• [Problem to solve]:
Every entry below needs to be printed again exactly, with its pictures left out.

• [Task material]:
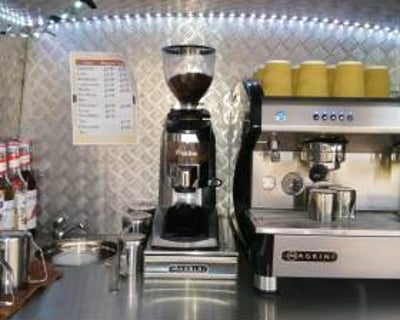 Coffee van - ready for the show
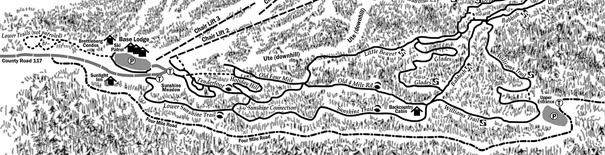 Sunlight Mountain Nordic Trail Map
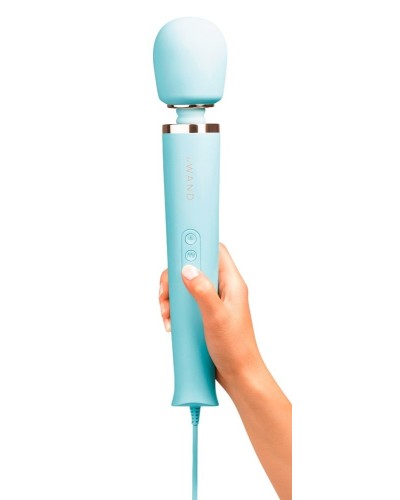 Wand Powerful Plug-In 34cm - Tête 62mm Bleu Ciel sextoys et accessoires sur La Boutique du Hard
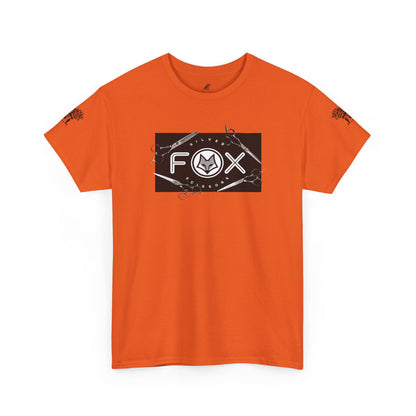 Silver Fox Scissors Unisex Heavy Cotton Tee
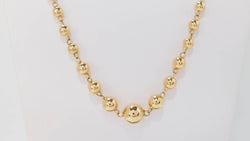 Marseille necklace in yellow gold 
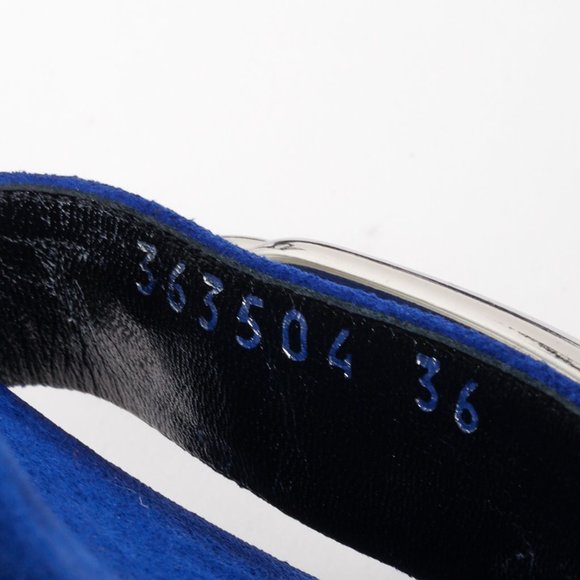 Balenciaga Electric Blue Suede Sandals - Picture 11 of 11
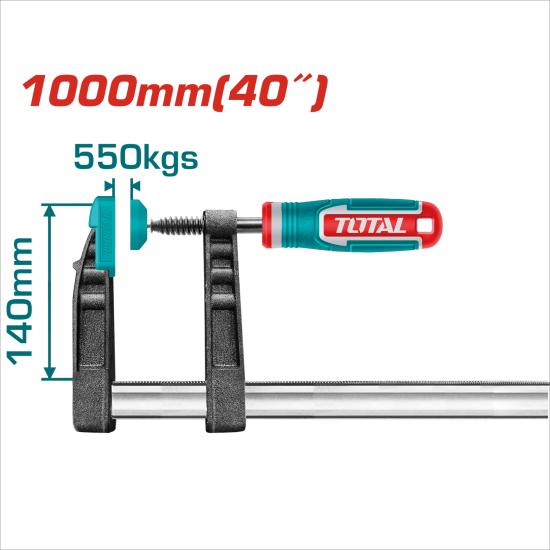 TOTAL 強力F夾具 140*1000mm (THT1321401)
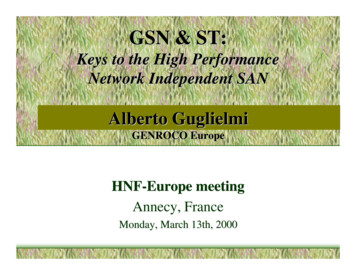 GSN & ST - CERN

• [Exercise output]:
 Coffee van - ready for the show
 Sunlight Mountain Nordic Trail Map
 Wand Powerful Plug-In 34cm - Tête 62mm Bleu Ciel sextoys et accessoires sur La Boutique du Hard
 Silver Fox Scissors Unisex Heavy Cotton Tee
 Marseille necklace in yellow gold 
 Balenciaga Electric Blue Suede Sandals - Picture 11 of 11
 TOTAL 強力F夾具 140*1000mm (THT1321401)
 GSN & ST - CERN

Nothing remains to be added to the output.